The No Abortion Principle: Personhood Revisited

THE NO ABORTION PRINCIPLE

Personhood Revisited

DON C. MARLER

For those who believe that God determines and shapes the birth of every person from egg fertilization to birth there are some serious questions needing serious answers, and for those who believe that viable life begins at egg fertilization whether or not God is involved, there are also serious questions crying out for answers and solutions.

The guiding principle in answering these questions related to human issues should be “what is the most loving thing mankind can do under the circumstances for those involved.” Those who see God’s hand in every pregnancy tend to support a one rule fits all solution. Their rule is usually of the “all or nothing” type. Specifically, the rule is that “abortion is murder and that is prohibited regardless of the circumstances”. Some grudgingly approve exceptions for pregnancy that is a result of rape or incest; however, this position causes division among true believers. The Catholic Church, for example, insists that abortion to save the life of the mother should be prohibited.

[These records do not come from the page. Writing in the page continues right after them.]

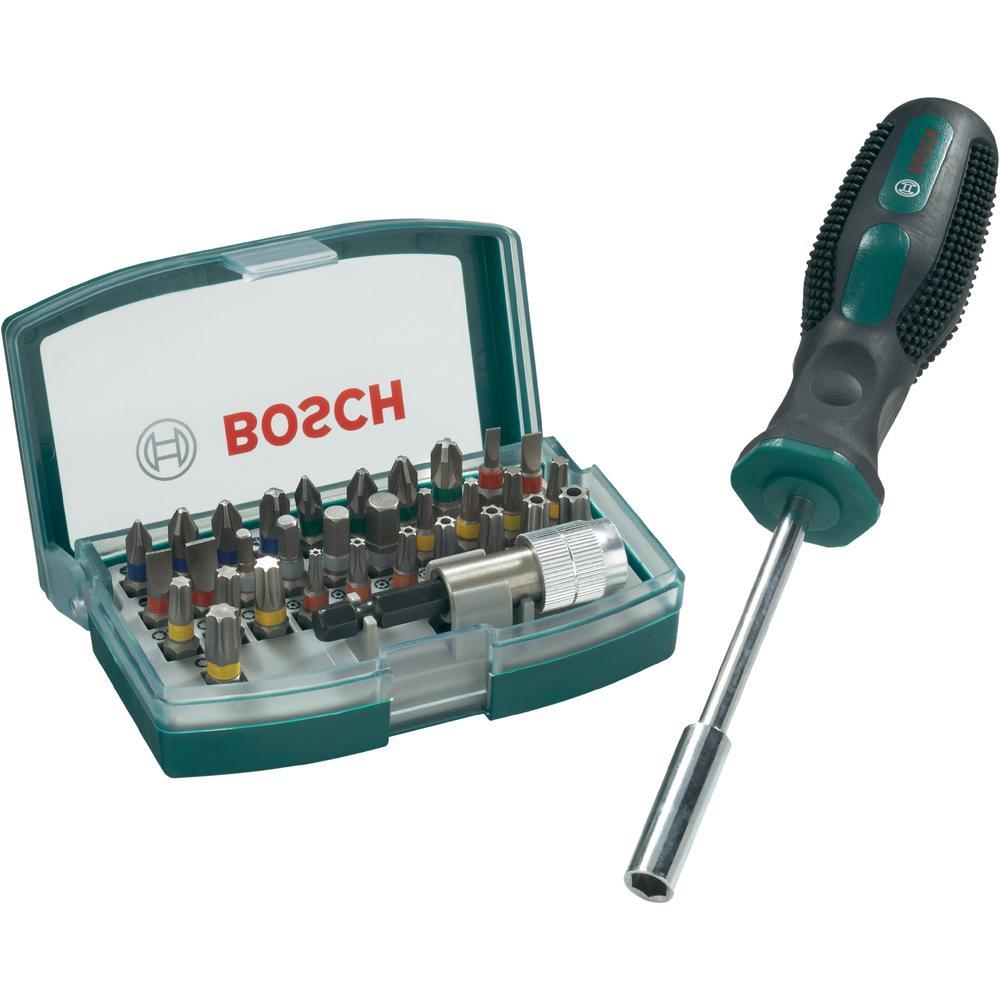 Bosch 32件套螺丝刀头+螺丝刀手柄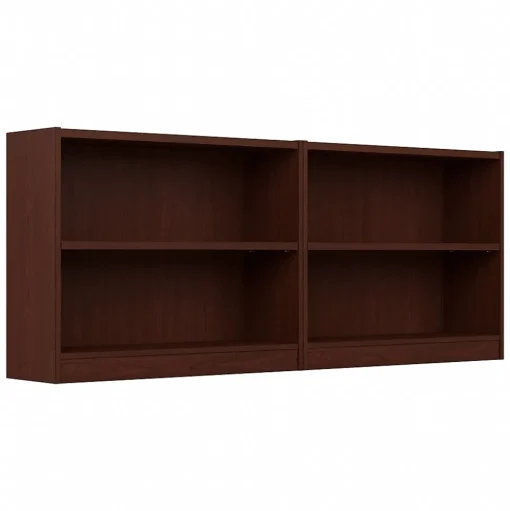 Bush Furniture Bookcases<Universal 30"H 2-Shelf Bookcase, Vogue Cherry, 2/Set (UB001VC)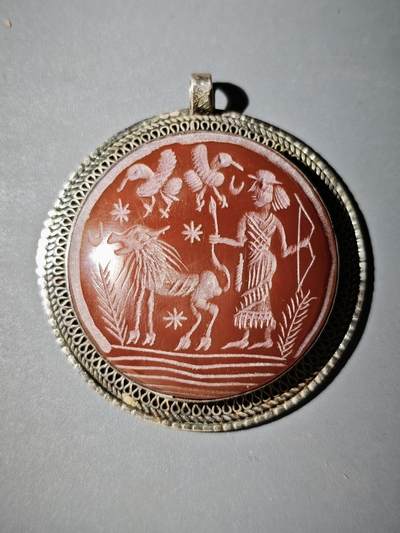 106期回流戒指饰品杂件纪念章丝路钱币专场 - 玛瑙饰品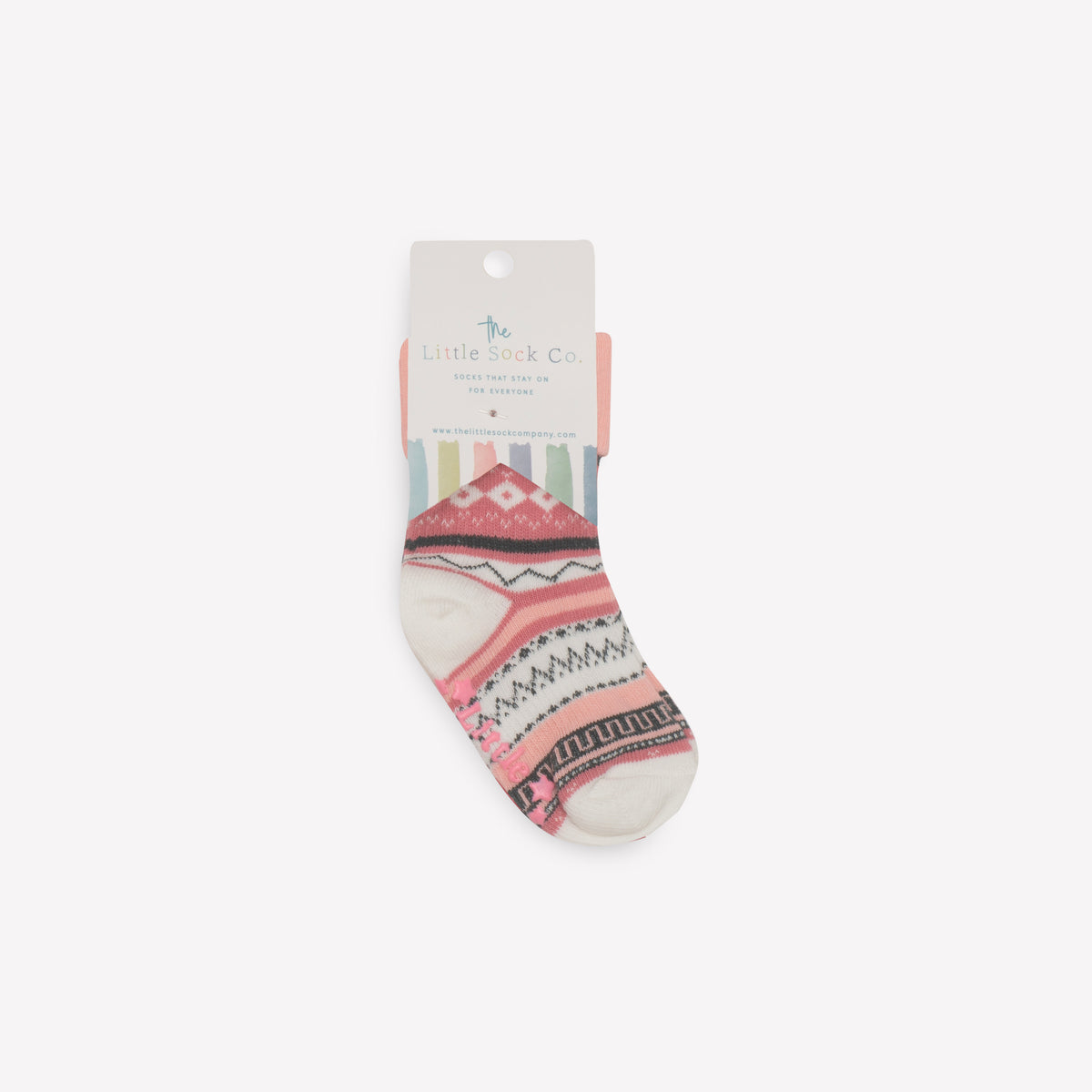 Baby & Child's Mini Me Matching Socks in Pink Nordic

There are two sets of circumstances that challenge the guiding principle of doing what is the most loving thing under the circumstances. One is the entire area of serious defects of the fetus. Some fetuses are defective beyond imagination. Many of these have been born to a lifetime of total misery, pain and suffering. The parental suffering that accompanies the pitiful condition and suffering of their offspring cannot be calculated.  It is a terrible price to be paid to uphold a principle.

The second set of circumstances that challenge the principle is the phenomenon of Ectopic pregnancy. This occurs when the fertilized egg attaches itself some place other than in the uterus. Most such pregnancies are in the Fallopian tubes; the so-called tubal pregnancies. Some fertilized eggs attach to the abdomen or the cervix. About 1% of all pregnancies are Ectopic. This fetus has no chance of survival to birth. The life of the mother is, nevertheless, at stake. Often without medical intervention her health will be severely impacted and death may occur. What a price to pay in suffering and possible death so a principle can be upheld. In such situations the principle of no abortion for any reason becomes a prescription for death or extreme suffering with little or no positive quality of life.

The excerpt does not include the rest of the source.